Google's Project Tango was introduced in February 2014 as an initiative to compress current understanding about robotics and computer vision into a mobile phone, according to a past eWEEK article. The idea of the project is to give mobile devices a human-scale understanding of space and motion that will allow the devices to provide more data to users than is seen on a touch-screen. Project Tango is designed to capture and track large amounts of data using 3D measurements, which is then processed and displayed to users, according to earlier eWEEK stories.
"Google hopes Tango will support a system for independent developers to create new virtual reality applications and services," according to Bloomberg. "Video games could have characters that hide behind real-life furniture. A museum app could show 3D animations when you walk past an exhibit. A grocery store could highlight sale items and guide shoppers to the right shelf."
In January, Google announced that Lenovo is engineering and building Google's first Project Tango smartphone. The device, slated to give users a wide range of 3D views and data about indoor physical locations, is expected to be released later this year, according to an earlier eWEEK report.
The Project Tango smartphone initiative adds extra sensors and computer vision software to a normal smartphone to create a device that can use additional data in innovative new ways to help users see more, even inside buildings. The technical details and specifications of the coming smartphones have not yet been revealed, but application developers have already been invited to submit their ideas for gaming and utility apps that could be made available for users in the future.
App developers were asked to lay out a project schedule for their proposals, including milestones for development; visual mockups such as concept art, smartphone app screenshots and videos; an appropriate narrative; a breakdown of the project team and members; and a one-page biography describing past app portfolio experience and a company profile.

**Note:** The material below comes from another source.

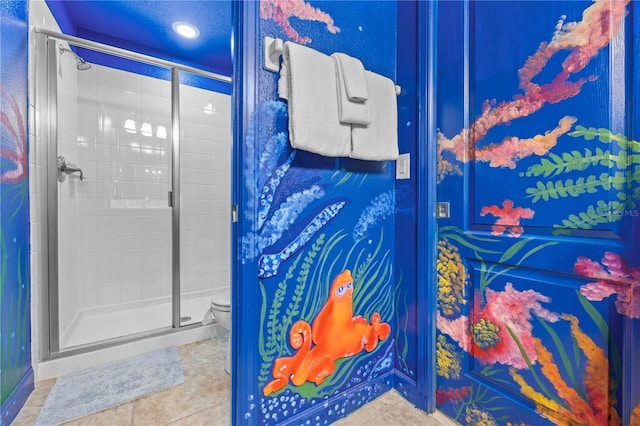1473 Moon Valley Dr, Davenport, FL 33896 - full bath featuring a stall shower, toilet, and baseboards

Some businesses, including home improvement store chain Lowe's, are already working on their own Project Tango apps. The Lowe's concept app would let a user point his or her Project Tango-enabled smartphone in their kitchen to see where a new refrigerator or dishwasher might fit virtually, while another developer, Schell Games, is working on an app that lets users play virtual Jenga on any surface with a group of friends.
The Lenovo smartphone that is under development for the project will retail for less than $500 and will be available this summer, according to reports.
Google representatives eWEEK contacted declined to comment for this article.